**PROBLEM TO WORK ON**
Could you extract every entry below and reproduce it exactly?

Stored entries:
· · · · · · ·

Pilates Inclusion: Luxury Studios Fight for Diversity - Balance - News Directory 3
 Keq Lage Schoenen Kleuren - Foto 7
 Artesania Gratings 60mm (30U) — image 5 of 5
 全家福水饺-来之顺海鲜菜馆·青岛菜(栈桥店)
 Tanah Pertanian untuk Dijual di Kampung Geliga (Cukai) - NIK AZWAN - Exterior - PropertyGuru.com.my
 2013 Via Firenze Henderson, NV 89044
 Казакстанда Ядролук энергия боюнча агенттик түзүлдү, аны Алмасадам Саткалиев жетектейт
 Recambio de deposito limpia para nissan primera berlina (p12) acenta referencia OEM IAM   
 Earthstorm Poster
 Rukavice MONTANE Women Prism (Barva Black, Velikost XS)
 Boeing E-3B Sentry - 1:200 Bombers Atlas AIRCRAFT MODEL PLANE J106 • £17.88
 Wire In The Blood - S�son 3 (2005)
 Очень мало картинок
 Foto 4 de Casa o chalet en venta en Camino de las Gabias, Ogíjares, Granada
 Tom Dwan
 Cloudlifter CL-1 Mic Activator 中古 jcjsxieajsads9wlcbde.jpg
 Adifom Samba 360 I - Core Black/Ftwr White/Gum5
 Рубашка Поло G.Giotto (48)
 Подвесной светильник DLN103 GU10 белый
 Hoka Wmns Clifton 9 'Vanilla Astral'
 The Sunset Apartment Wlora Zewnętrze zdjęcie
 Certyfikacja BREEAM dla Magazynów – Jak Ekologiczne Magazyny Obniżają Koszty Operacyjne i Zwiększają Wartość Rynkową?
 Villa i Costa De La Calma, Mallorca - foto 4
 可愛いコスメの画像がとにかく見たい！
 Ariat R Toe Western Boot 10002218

· · · · · · ·

**ANSWER BELOW**
Pilates Inclusion: Luxury Studios Fight for Diversity - Balance - News Directory 3
 Keq Lage Schoenen Kleuren - Foto 7
 Artesania Gratings 60mm (30U) — image 5 of 5
 全家福水饺-来之顺海鲜菜馆·青岛菜(栈桥店)
 Tanah Pertanian untuk Dijual di Kampung Geliga (Cukai) - NIK AZWAN - Exterior - PropertyGuru.com.my
 2013 Via Firenze Henderson, NV 89044
 Казакстанда Ядролук энергия боюнча агенттик түзүлдү, аны Алмасадам Саткалиев жетектейт
 Recambio de deposito limpia para nissan primera berlina (p12) acenta referencia OEM IAM   
 Earthstorm Poster
 Rukavice MONTANE Women Prism (Barva Black, Velikost XS)
 Boeing E-3B Sentry - 1:200 Bombers Atlas AIRCRAFT MODEL PLANE J106 • £17.88
 Wire In The Blood - S�son 3 (2005)
 Очень мало картинок
 Foto 4 de Casa o chalet en venta en Camino de las Gabias, Ogíjares, Granada
 Tom Dwan
 Cloudlifter CL-1 Mic Activator 中古 jcjsxieajsads9wlcbde.jpg
 Adifom Samba 360 I - Core Black/Ftwr White/Gum5
 Рубашка Поло G.Giotto (48)
 Подвесной светильник DLN103 GU10 белый
 Hoka Wmns Clifton 9 'Vanilla Astral'
 The Sunset Apartment Wlora Zewnętrze zdjęcie
 Certyfikacja BREEAM dla Magazynów – Jak Ekologiczne Magazyny Obniżają Koszty Operacyjne i Zwiększają Wartość Rynkową?
 Villa i Costa De La Calma, Mallorca - foto 4
 可愛いコスメの画像がとにかく見たい！
 Ariat R Toe Western Boot 10002218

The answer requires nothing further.